Endocrinologists are highly specialized medical professionals who focus on diagnosing, managing, and treating disorders related to the endocrine system.
This complex system of glands and hormones plays a crucial role in regulating vital bodily functions such as metabolism, growth, development, and sexual function.
With their advanced knowledge of hormonal pathways and metabolic processes, endocrinologists utilize cutting-edge diagnostic tools like the Harpenden stadiometer, Optium Xceed Blood Glucose and Ketone Monitoring System, Acuson Antares, and HDI 5000 to precisely evaluate and monitor their patients' conditions.
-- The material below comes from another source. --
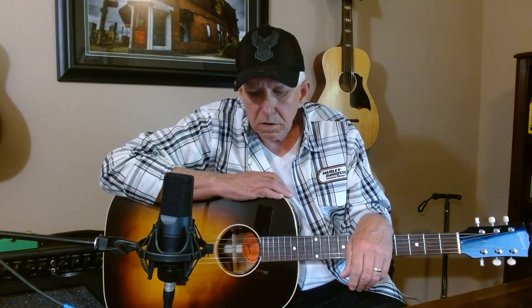Hey everybody, welcome to the channel. We are going to talk today about a Gibson 50s J45 about three and a half months after I've purchased this. It's been about that long since I got it. And when I first bought it, I had uploaded a video to YouTube and did a review on it.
They leverage data analysis software like SAS version 9.4 and SAS statistical software to inform their personalized treatment plans, which may involve medication management, lifestyle interventions, and the latest advancements in endocrine-related therapies.
Endocrinologists play a vital role in managing a wide range of hormonal disorders, including diabetes, thyroid conditions, growth and sexual development issues, and more.
By optimizing patient care through precision medicine and evidence-based practices, they help individuals achieve optimal health and wellbeing.
Tools like PubCompare.ai empower endocrinologists to streamline their research protocols, enhancing the reproducibility and accuracy of their important work, which is crucial for advancing the field of endocrinology and improving patient outcomes.
Whether using a Standard scale or the MyLab Twice system, endocrinologists leverage the latest technologies and techniques to provide comprehensive, personalized care for their patients, always striving to help them reach their optimal health and wellness goals.